### Prompt
Repeat exactly the lines below, from the line containing "Lampa wisząca żyrandol" through the last line, both included. Leave out any pictures.

### Data records

++++++++++++++++++++

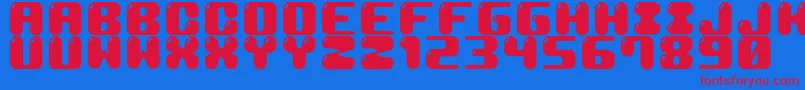 フォントM19CoconutMilk – 赤い文字の青い背景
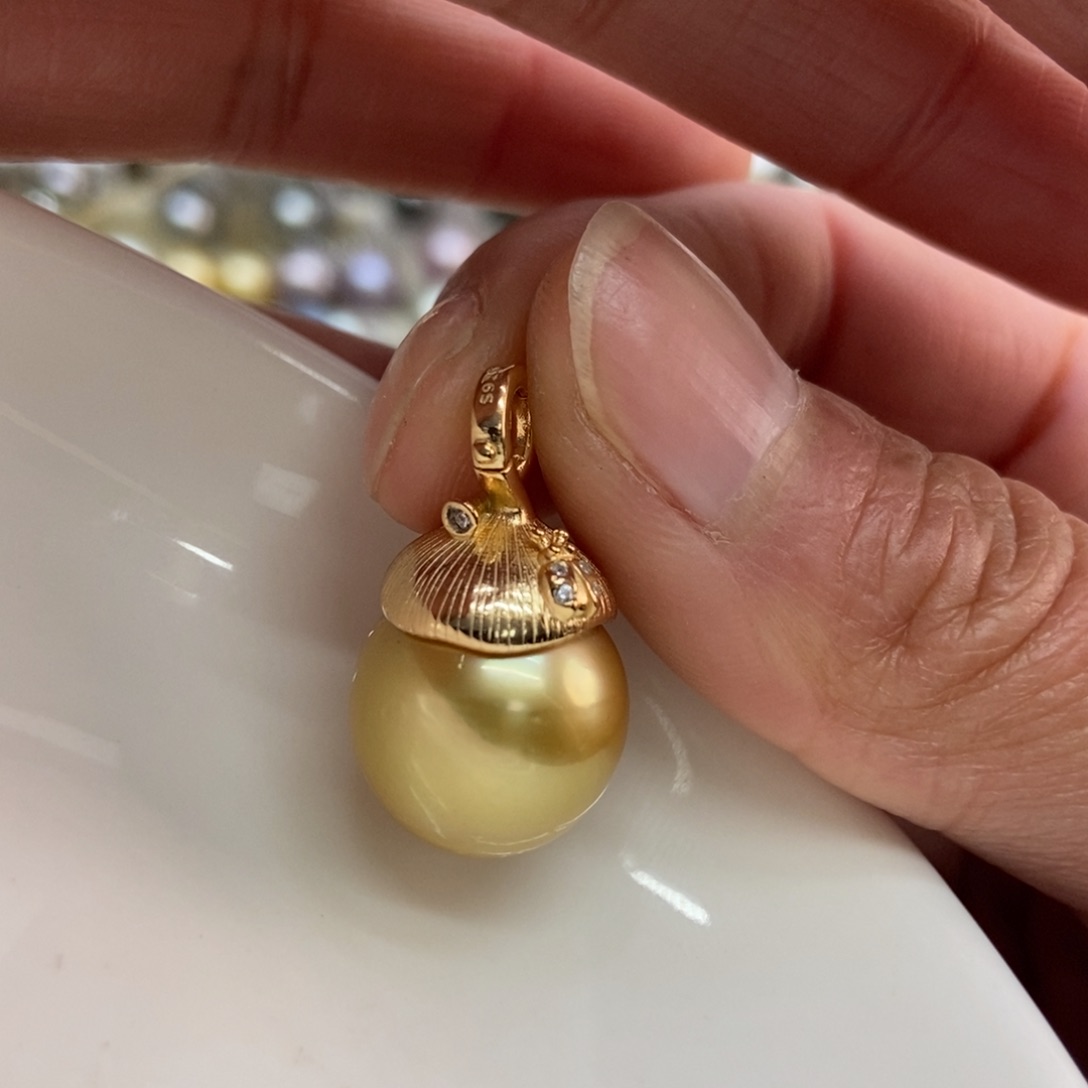 海水珍珠吊坠(不含链)银S925镶嵌
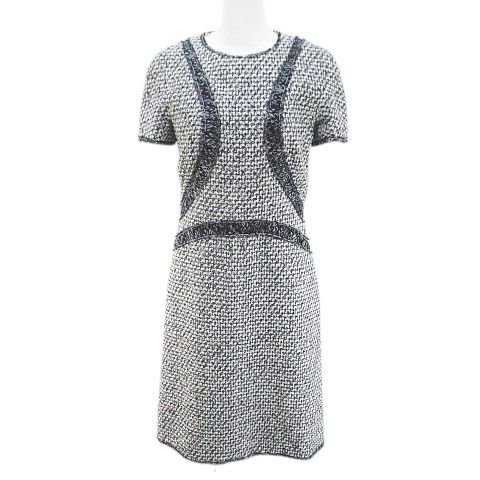 シャネル CHANEL M 8931 半袖 膝丈 フ ワンピース ツイード 絹 シルク CCマーク ココマーク 38 灰系 グレー フランス製 裏地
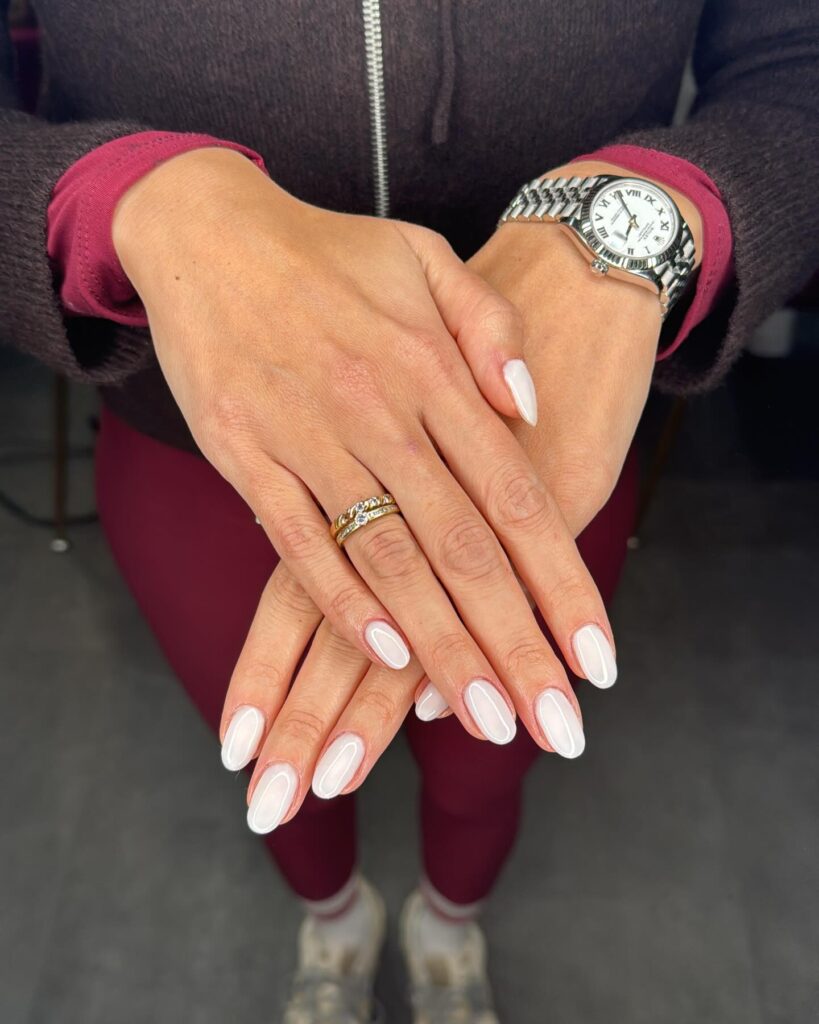 Milky White Jelly Nails with Gloss for a Sleek Office Statement
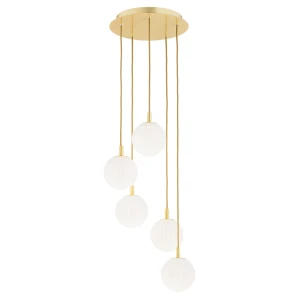 Lampa wisząca żyrandol PALOMA 2183 białe kule i złoto - Argon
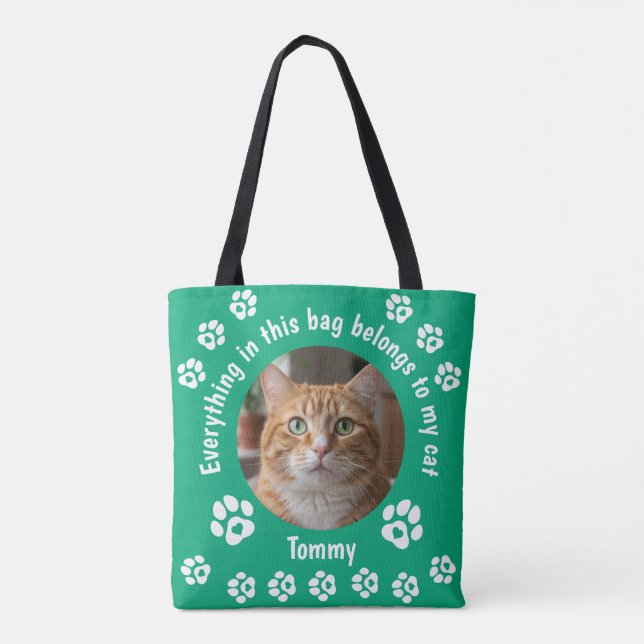 Custom Photo Cat Lover Tote Bag (Back)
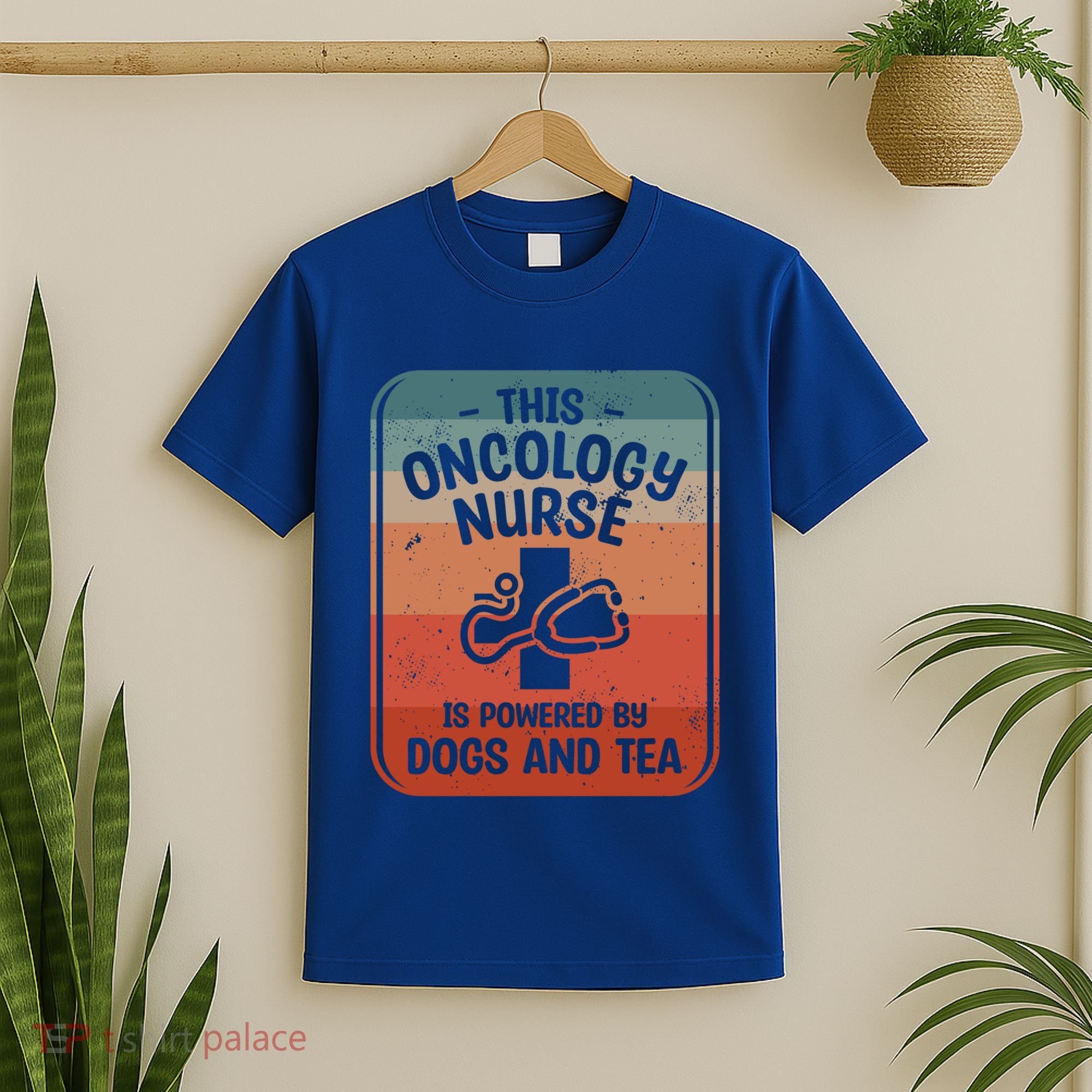 This Oncology Nurse Is Powered By Dogs And Tea Oncologist Cute Gift T-Shirt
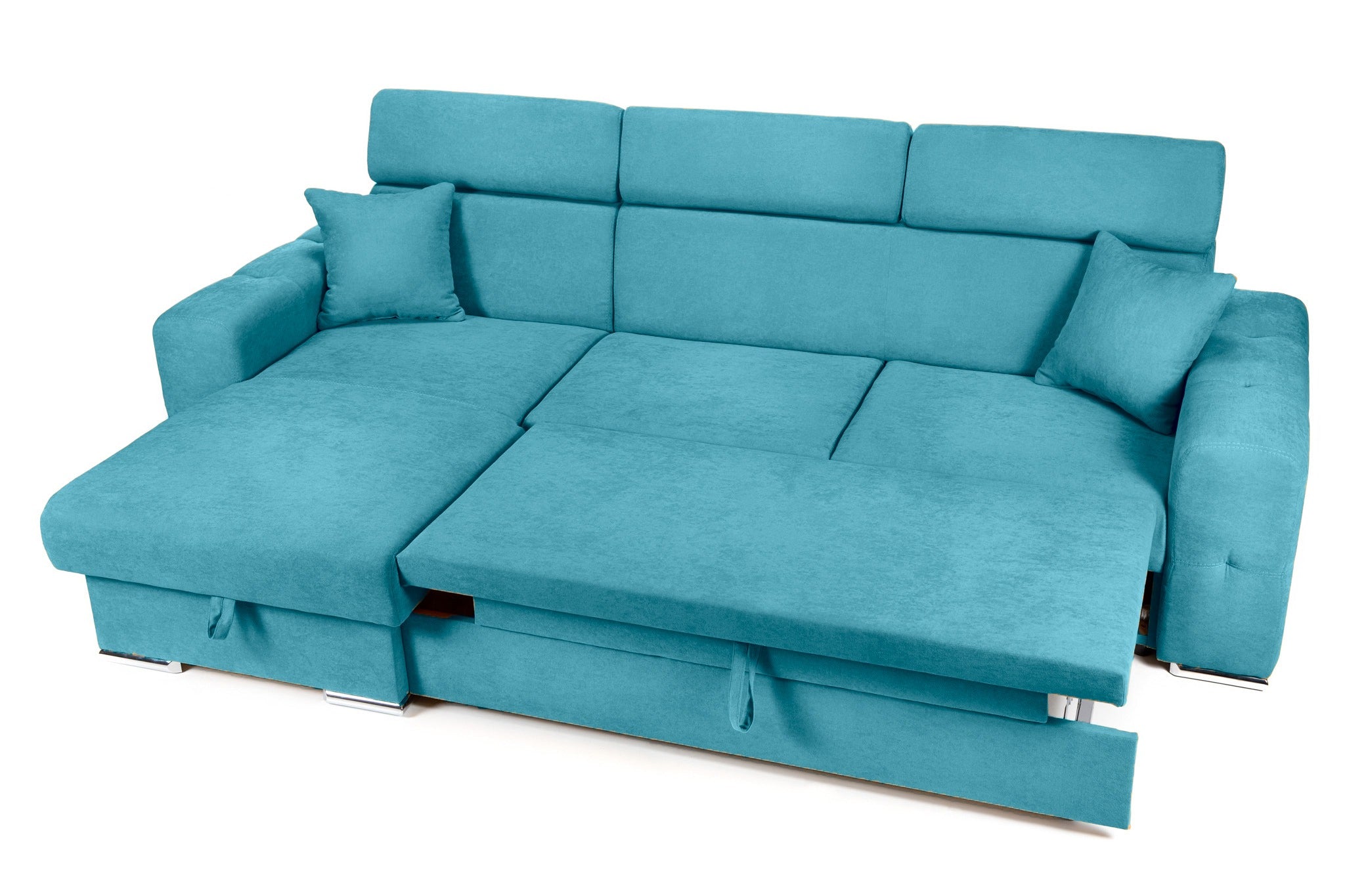 Coltar Extensibil BELLAGIO, sezlong interschimbabil, cu lada de depozitare, cu tetiere, 275x170x85 cm - Prestigehome.ro - Coltare - Prestige - #color_turcoaz-enjoy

++++++++++++++++++++

### Solution
 Lampa wisząca żyrandol PALOMA 2183 białe kule i złoto - Argon
 Custom Photo Cat Lover Tote Bag (Back)
 This Oncology Nurse Is Powered By Dogs And Tea Oncologist Cute Gift T-Shirt
 Coltar Extensibil BELLAGIO, sezlong interschimbabil, cu lada de depozitare, cu tetiere, 275x170x85 cm - Prestigehome.ro - Coltare - Prestige - #color_turcoaz-enjoy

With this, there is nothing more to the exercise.